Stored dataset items
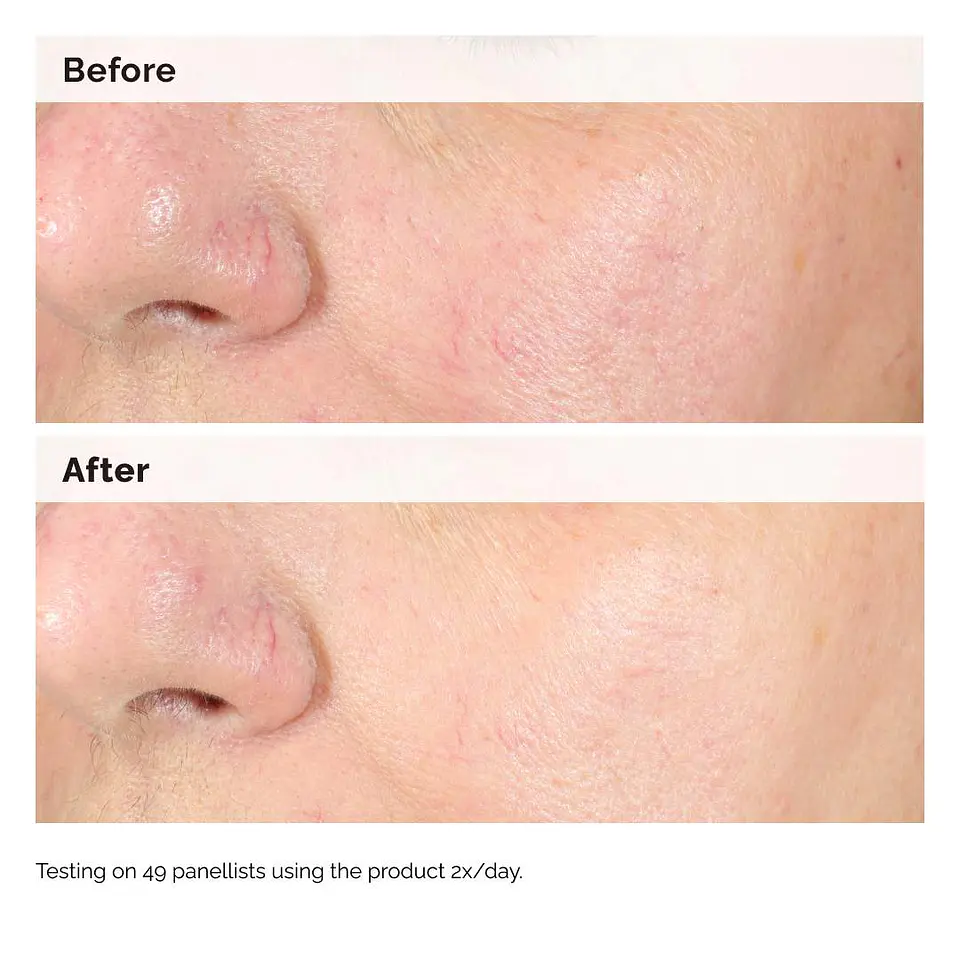 Alpha Arbutin 2% + Hyaluronic Acid for Hyperpigmentation 60ml 3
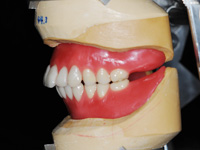 快適機能義歯排列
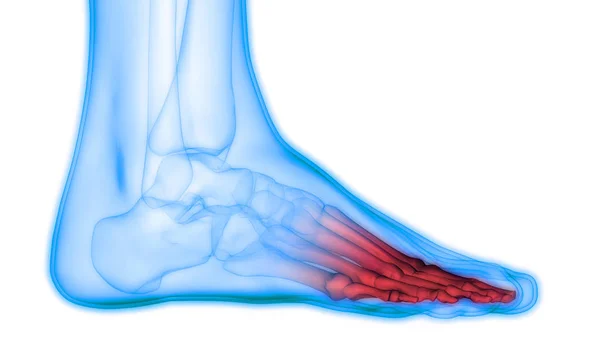 Ludzkie Bóle Stawów Kostnych Stawów Nóg Ilustracja — Zdjęcie stockowe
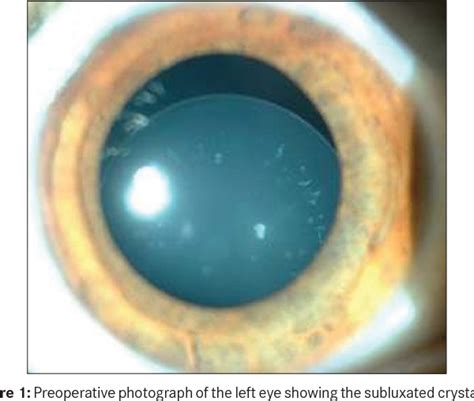 Figure 1 From Bilateral Transient Pupil Closure After Iris Supported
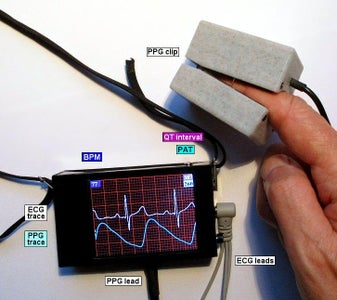 ECG With PPG Using Arduino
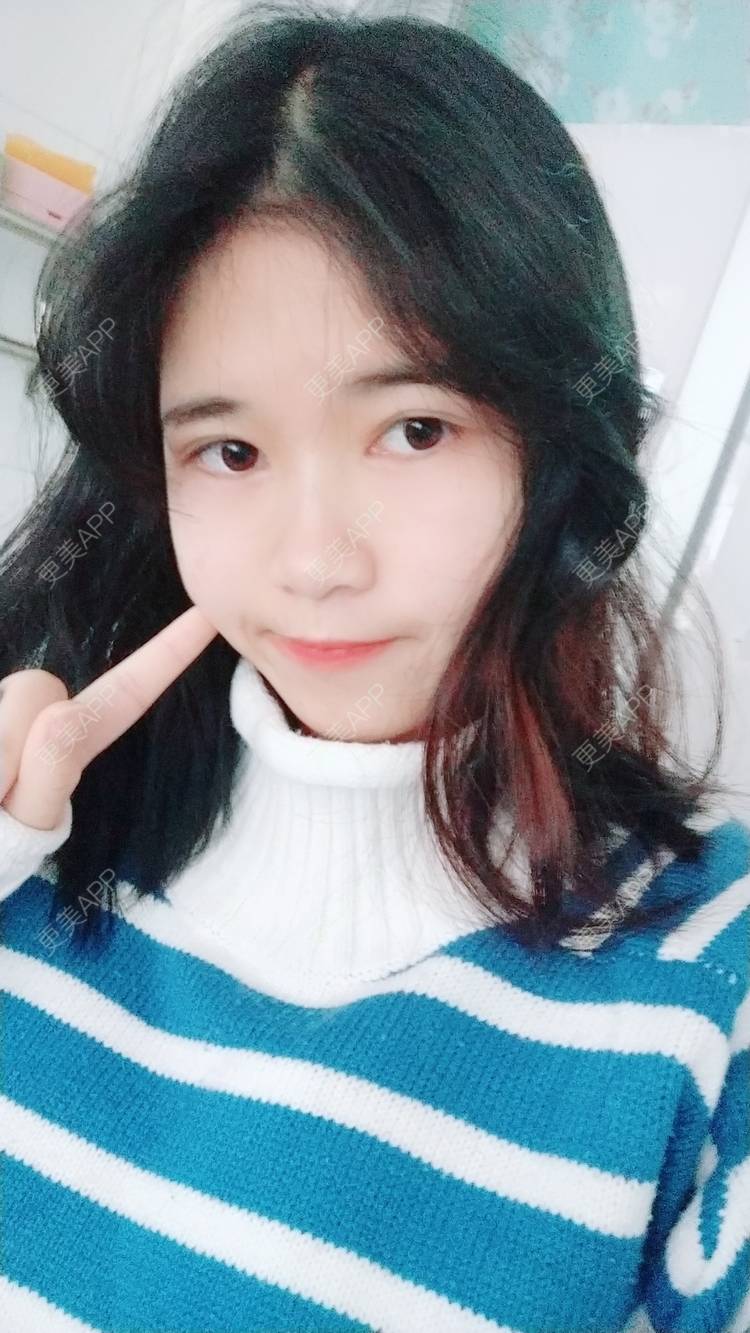 更美 - 更美用户lM8eMwz0OI的热玛吉经验 | 福州 | 热玛吉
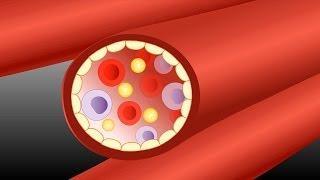 Atheroma in the artery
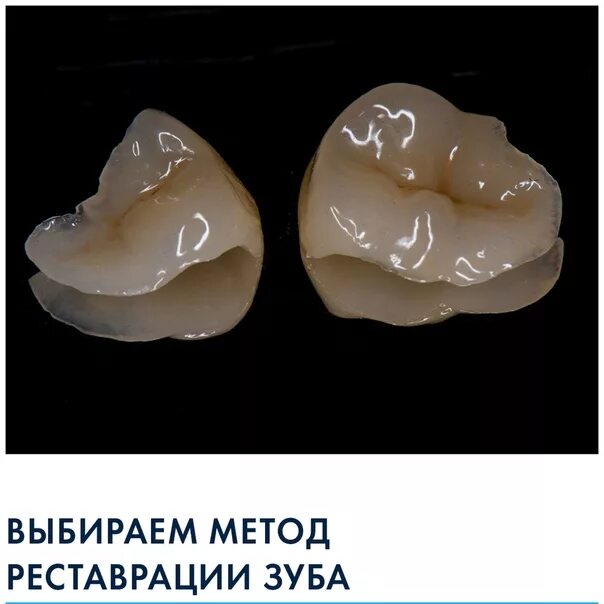 Материалы для временного пломбирования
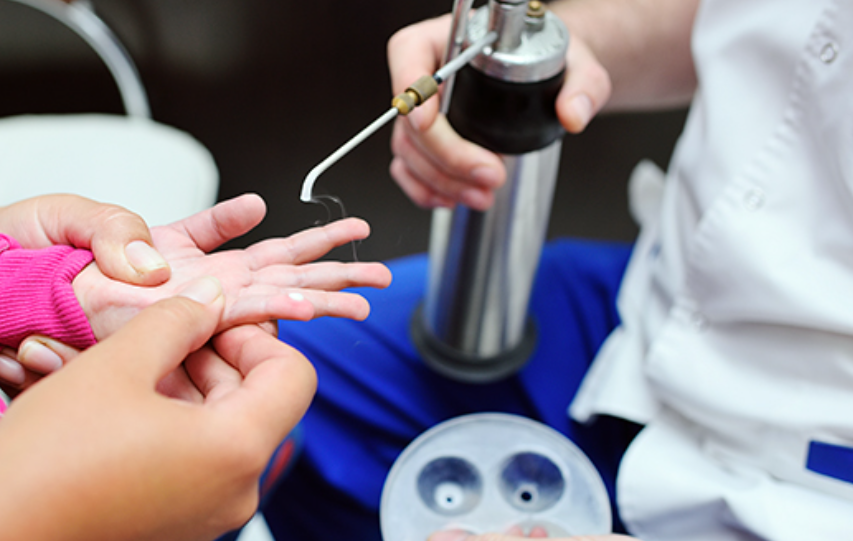 왕십리사마귀? 딱딱한 각질이 못생겨 보인다면 읽어주세요 관련 이미지 4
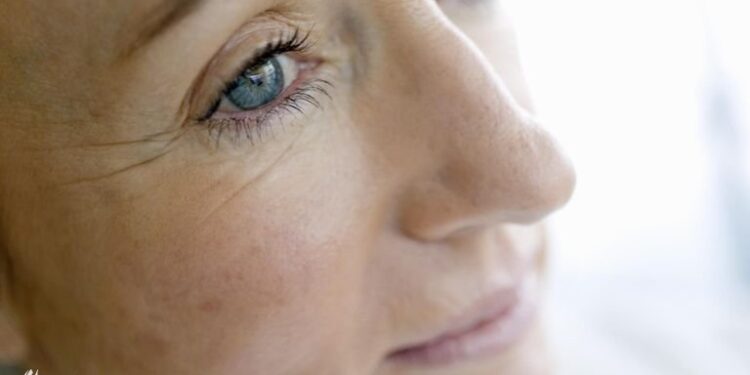 أربع نصائح لتجنب التجاعيد حول العين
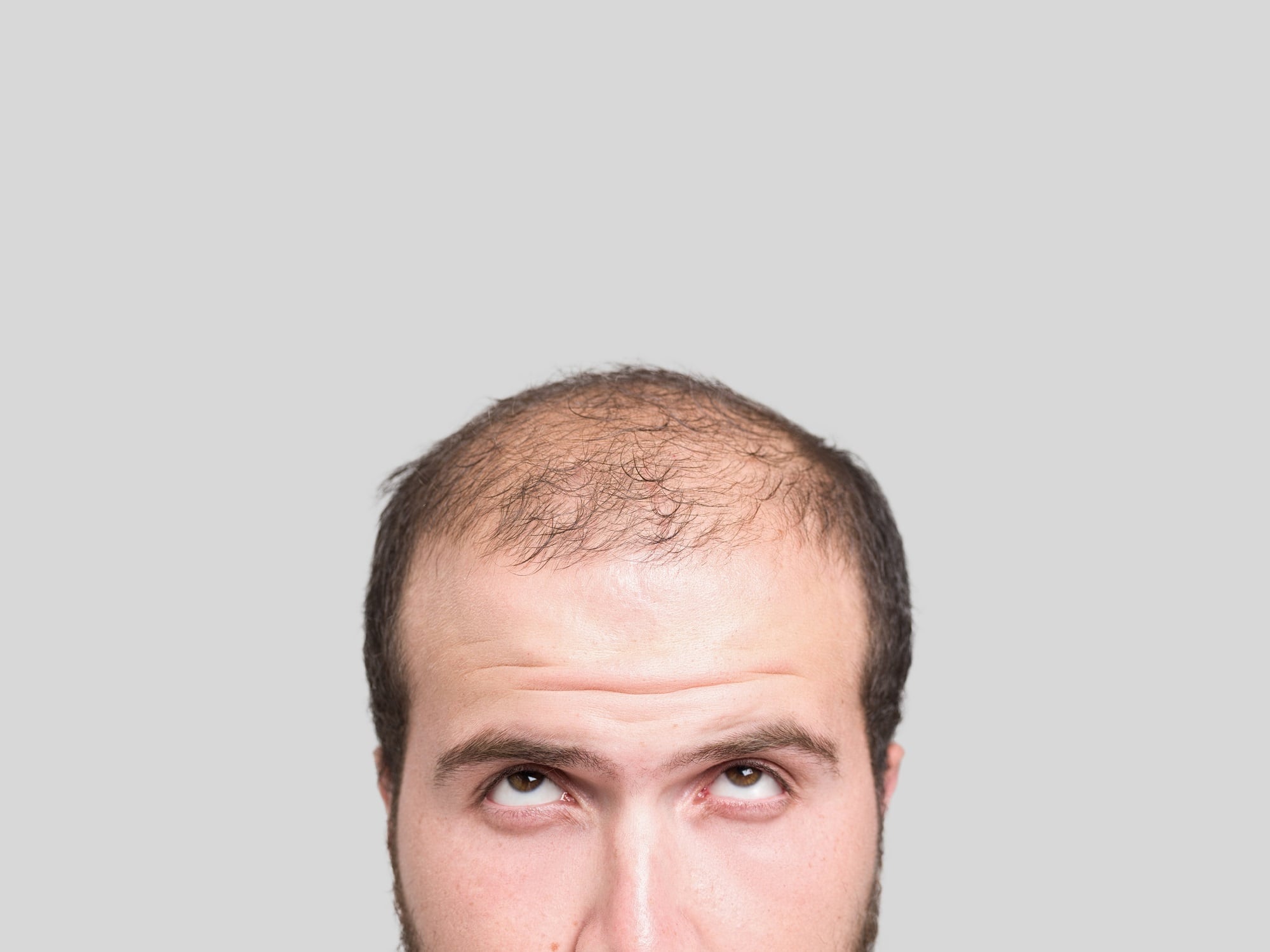 Rogaine's “National Hats Off Day” seeks to reframe discussions surrounding male hair loss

• _Requirement_: Set down word for word every line from the line containing "Материалы для временного пломбирования" through the last line of the entries, and nothing more; no pictures.

• _Response_:
 Материалы для временного пломбирования
 왕십리사마귀? 딱딱한 각질이 못생겨 보인다면 읽어주세요 관련 이미지 4
 أربع نصائح لتجنب التجاعيد حول العين
 Rogaine's “National Hats Off Day” seeks to reframe discussions surrounding male hair loss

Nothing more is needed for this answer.